Um zu verstehen, was den Erfolg so überraschend macht, lohnt sich ein kleiner Blick zurück. Im vergangenen Sommer verlassen gleich drei Stammspieler den Verein: Manuel Kilger, Stephan Baumüller und Erhan Gezici. Einen „Schock“ nennt der Trainer das heute. Hörte man sich damals in Röttenbach um, war von einem Umbruch die Rede. Die Mannschaft muss einige junge Spieler integrieren.
Nach mehreren Jahren in der Spitzengruppe der Kreisliga scheint ein Übergangsjahr unvermeidbar. Und auch die Konkurrenz schätzt den TSV diesmal nicht besonders hoch ein. „Bei manchen galten wir sogar als Abstiegskandidat, das hat schon weh getan“, blickt Müller zurück. Was damals kaum einer weiß: Der Trainer hat längst einen Plan im Kopf, eine Idee, um die Abgänge aufzufangen. Zu Beginn der Vorbereitung fährt die Mannschaft nach Österreich ins Trainingslager. Dort feilen sie an einer neuen Taktik. „Durchaus gefährlich“, nennt Müller die rückblickend. Dreierkette. Warum sie die Antwort auf den Umbruch werden konnte, wird klar, wenn man die Bundesliga betrachtet. Die Dreierkette feiert in Deutschland derzeit ihre Renaissance. Denn die formativen Vorteile sind offensichtlich: Ein zusätzlicher Aufbauspieler mit dem Ball, ein zusätzlicher Verteidiger gegen den Ball. Überzahl im Zentrum. Doch gerade im Amateurfußball werden neue Ideen nicht immer positiv aufgenommen.

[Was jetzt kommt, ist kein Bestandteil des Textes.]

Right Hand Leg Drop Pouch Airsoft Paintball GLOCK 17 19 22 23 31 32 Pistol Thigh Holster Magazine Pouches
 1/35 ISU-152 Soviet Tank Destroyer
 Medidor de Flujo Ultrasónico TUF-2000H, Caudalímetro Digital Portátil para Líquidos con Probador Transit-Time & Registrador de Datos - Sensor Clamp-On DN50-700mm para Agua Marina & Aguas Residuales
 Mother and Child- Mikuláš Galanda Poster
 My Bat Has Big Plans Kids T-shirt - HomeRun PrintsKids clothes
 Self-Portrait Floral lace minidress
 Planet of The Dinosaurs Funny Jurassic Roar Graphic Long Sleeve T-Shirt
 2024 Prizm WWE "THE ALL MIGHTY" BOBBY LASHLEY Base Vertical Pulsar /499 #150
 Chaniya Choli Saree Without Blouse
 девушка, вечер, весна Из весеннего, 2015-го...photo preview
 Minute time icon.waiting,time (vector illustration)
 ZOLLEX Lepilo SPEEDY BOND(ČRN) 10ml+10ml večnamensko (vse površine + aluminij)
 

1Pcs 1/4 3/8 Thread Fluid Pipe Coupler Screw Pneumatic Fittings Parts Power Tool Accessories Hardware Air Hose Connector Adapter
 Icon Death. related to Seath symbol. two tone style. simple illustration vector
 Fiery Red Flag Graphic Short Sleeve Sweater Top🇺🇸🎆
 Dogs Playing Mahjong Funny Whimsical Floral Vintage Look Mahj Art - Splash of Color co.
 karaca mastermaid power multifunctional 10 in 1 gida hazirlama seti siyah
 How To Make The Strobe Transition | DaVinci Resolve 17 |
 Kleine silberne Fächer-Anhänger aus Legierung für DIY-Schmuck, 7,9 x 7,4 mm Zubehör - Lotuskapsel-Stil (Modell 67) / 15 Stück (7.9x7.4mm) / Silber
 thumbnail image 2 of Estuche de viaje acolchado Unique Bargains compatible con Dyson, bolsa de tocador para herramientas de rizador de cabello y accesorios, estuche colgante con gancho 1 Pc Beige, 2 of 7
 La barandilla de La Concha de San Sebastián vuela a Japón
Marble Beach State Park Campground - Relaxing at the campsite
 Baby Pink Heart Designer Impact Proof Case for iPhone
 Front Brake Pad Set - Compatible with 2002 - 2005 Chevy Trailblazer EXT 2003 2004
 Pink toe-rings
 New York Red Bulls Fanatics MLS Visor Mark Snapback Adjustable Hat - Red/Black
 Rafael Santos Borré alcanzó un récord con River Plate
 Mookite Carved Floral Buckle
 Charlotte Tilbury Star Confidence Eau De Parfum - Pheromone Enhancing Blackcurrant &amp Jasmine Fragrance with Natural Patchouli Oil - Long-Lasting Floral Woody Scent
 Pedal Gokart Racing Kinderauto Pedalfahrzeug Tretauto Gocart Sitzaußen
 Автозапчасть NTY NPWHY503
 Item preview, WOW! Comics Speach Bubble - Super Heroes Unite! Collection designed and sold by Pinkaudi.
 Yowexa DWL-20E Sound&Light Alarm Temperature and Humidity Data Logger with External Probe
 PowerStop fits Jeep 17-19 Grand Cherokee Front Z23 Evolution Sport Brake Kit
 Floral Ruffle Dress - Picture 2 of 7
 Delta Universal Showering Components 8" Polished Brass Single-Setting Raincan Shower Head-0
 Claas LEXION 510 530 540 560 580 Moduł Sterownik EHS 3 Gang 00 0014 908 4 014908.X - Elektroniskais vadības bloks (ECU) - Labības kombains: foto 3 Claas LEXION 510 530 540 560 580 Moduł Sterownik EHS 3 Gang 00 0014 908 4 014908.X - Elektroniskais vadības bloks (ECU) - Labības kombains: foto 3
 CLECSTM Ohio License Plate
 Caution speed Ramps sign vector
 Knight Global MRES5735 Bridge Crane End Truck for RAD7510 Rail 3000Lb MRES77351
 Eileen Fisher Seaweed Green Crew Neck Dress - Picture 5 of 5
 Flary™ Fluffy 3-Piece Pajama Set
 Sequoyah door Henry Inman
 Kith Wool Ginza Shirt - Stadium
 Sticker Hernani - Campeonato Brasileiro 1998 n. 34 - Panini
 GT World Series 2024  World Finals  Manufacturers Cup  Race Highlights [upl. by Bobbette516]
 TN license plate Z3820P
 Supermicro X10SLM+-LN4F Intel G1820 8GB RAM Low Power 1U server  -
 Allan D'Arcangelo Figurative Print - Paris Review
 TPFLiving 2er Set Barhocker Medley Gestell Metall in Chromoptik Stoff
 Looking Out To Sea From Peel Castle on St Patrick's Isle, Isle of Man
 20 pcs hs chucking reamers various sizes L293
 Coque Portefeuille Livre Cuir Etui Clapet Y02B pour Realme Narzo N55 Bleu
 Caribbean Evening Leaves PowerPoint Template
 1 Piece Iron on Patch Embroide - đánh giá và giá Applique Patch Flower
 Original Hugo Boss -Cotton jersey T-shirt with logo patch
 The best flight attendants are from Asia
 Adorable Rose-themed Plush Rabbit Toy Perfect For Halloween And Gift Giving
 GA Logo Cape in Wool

Und so beäugt der Verein die Umstellung auch intern zunächst kritisch. Röttenbach verliert die ersten beiden Saisonspiele, die Skeptiker scheinen bestätigt. Doch dann startet das Team aus dem Nichts eine Serie: Zwölf Spiele bleibt der TSV ungeschlagen, stellt ligaweit die beste Defensive und setzt sich an der Tabellenspitze fest. Dabei ist die neue Taktik nur einer von mehreren Mosaiksteinen, die den Röttenbacher Aufschwung erklären. „Die Mannschaft ist nochmal enger zusammengerückt“, sagt Müller. „Es gab eine ,Jetzt erst recht‘-Einstellung.“ Denn die Spieler wollten ebenfalls beweisen, dass sie alles, aber kein Abstiegskandidat sind. „Es war auch Glück dabei“, sagt der Trainer. „Wir haben absolut am Limit gespielt“.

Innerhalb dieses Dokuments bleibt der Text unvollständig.